• WORK ORDER
Each line of the records must appear in your answer exactly, with no pictures.

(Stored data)

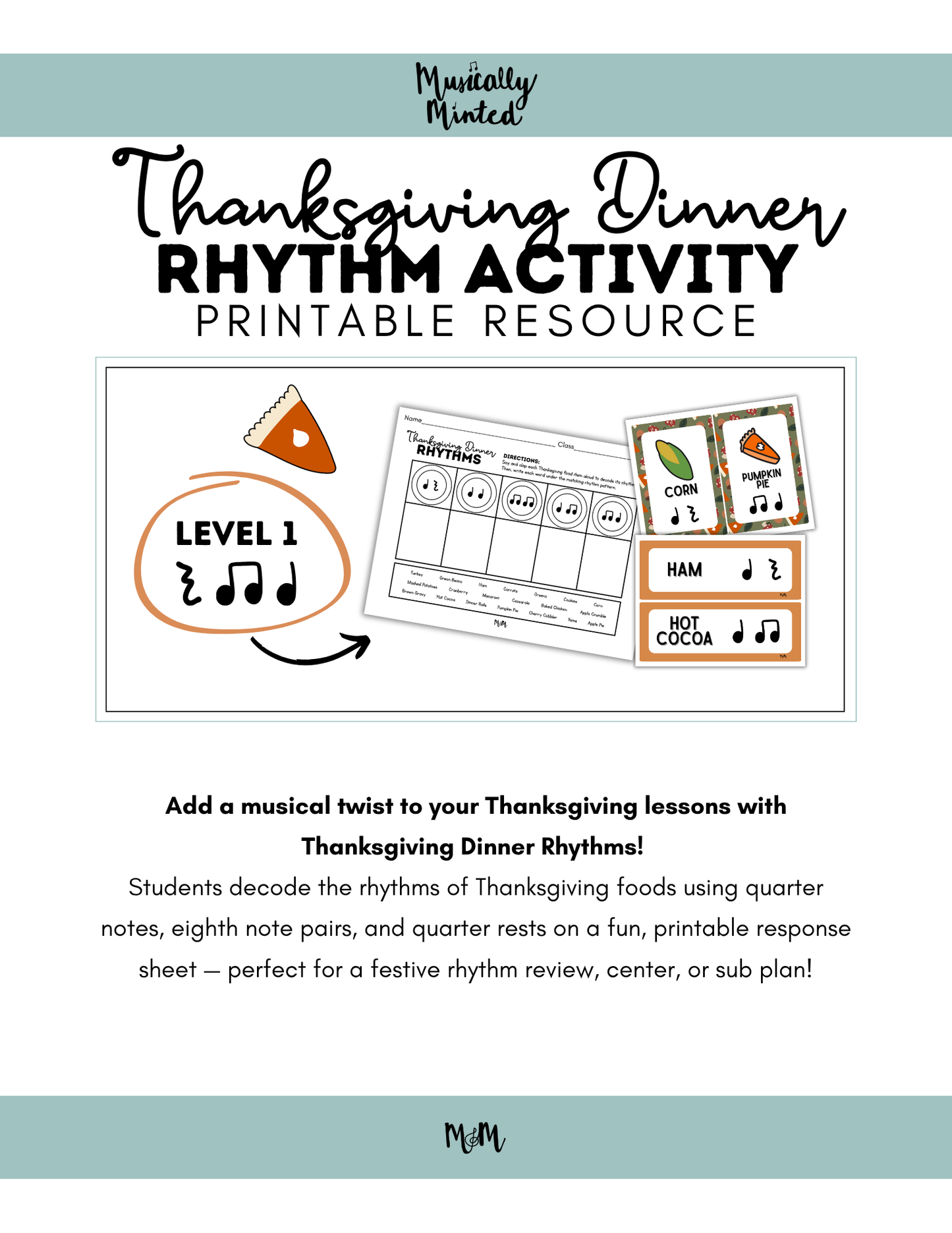 Thanksgiving Dinner Rhythms | Level 1 | Rhythm Decoding Activity and Cards DIGITAL DOWNLOAD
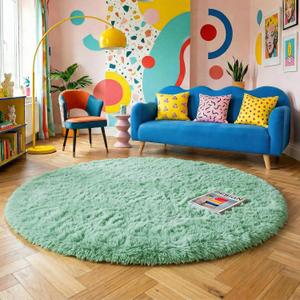 Amdrebio Sage Green Round Rug 6Ft for Living Room Bedroom, Fluffy Furry Circle Rugs for Nursery, Classroom, Baby Kids Room Decor, Cute Shaggy Area Rug for Teen Boys, Fuzzy Plush Light Mint Carpet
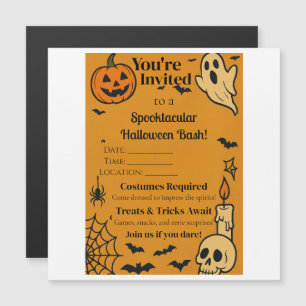 Spooky Halloween Bash Invite Ghosts & Games Magnetkarte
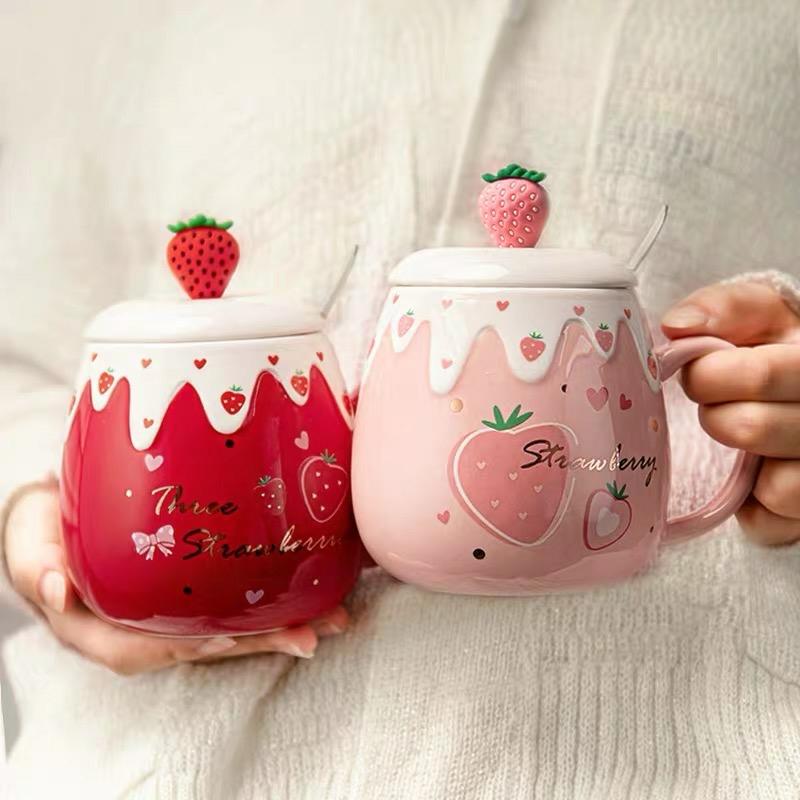 Kawaii Strawberry Ceramic Cup – Special Edition  |  Bottles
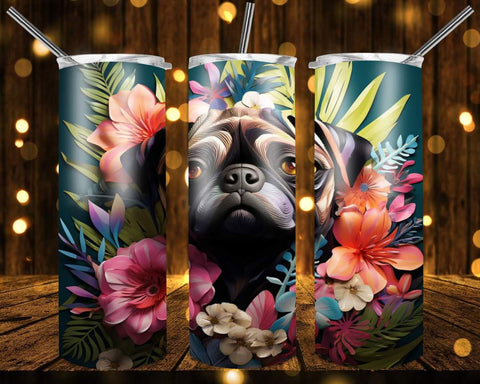 New! Designs 20 Oz Tumblers 3d dogs in flowers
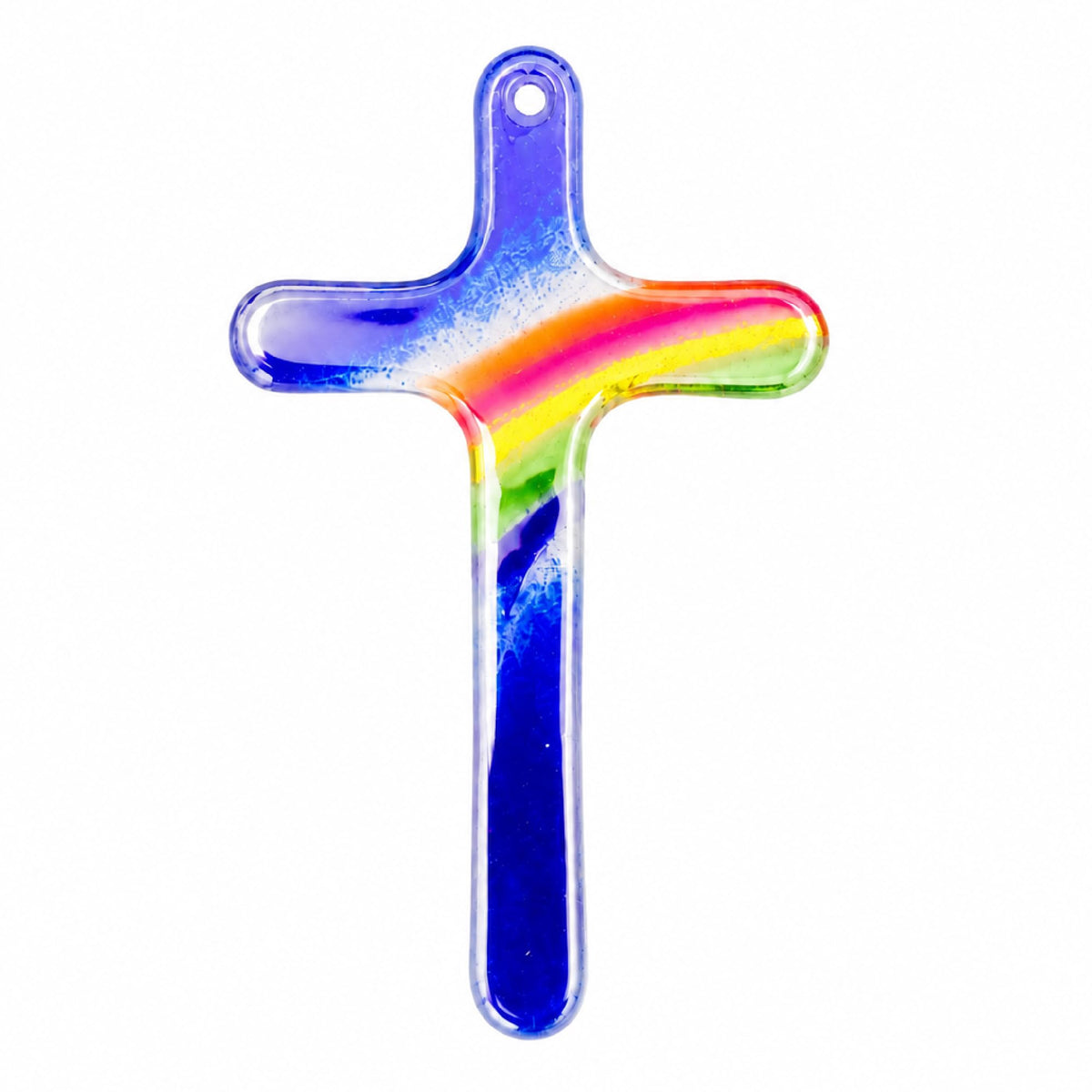 Cruz de cristal 14×8,5 cm arcoíris, pequeña – bendecida – vista del producto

• ANSWER FOR THIS EXERCISE
 Thanksgiving Dinner Rhythms | Level 1 | Rhythm Decoding Activity and Cards DIGITAL DOWNLOAD
 Amdrebio Sage Green Round Rug 6Ft for Living Room Bedroom, Fluffy Furry Circle Rugs for Nursery, Classroom, Baby Kids Room Decor, Cute Shaggy Area Rug for Teen Boys, Fuzzy Plush Light Mint Carpet
 Spooky Halloween Bash Invite Ghosts & Games Magnetkarte
 Kawaii Strawberry Ceramic Cup – Special Edition  |  Bottles
 New! Designs 20 Oz Tumblers 3d dogs in flowers
 Cruz de cristal 14×8,5 cm arcoíris, pequeña – bendecida – vista del producto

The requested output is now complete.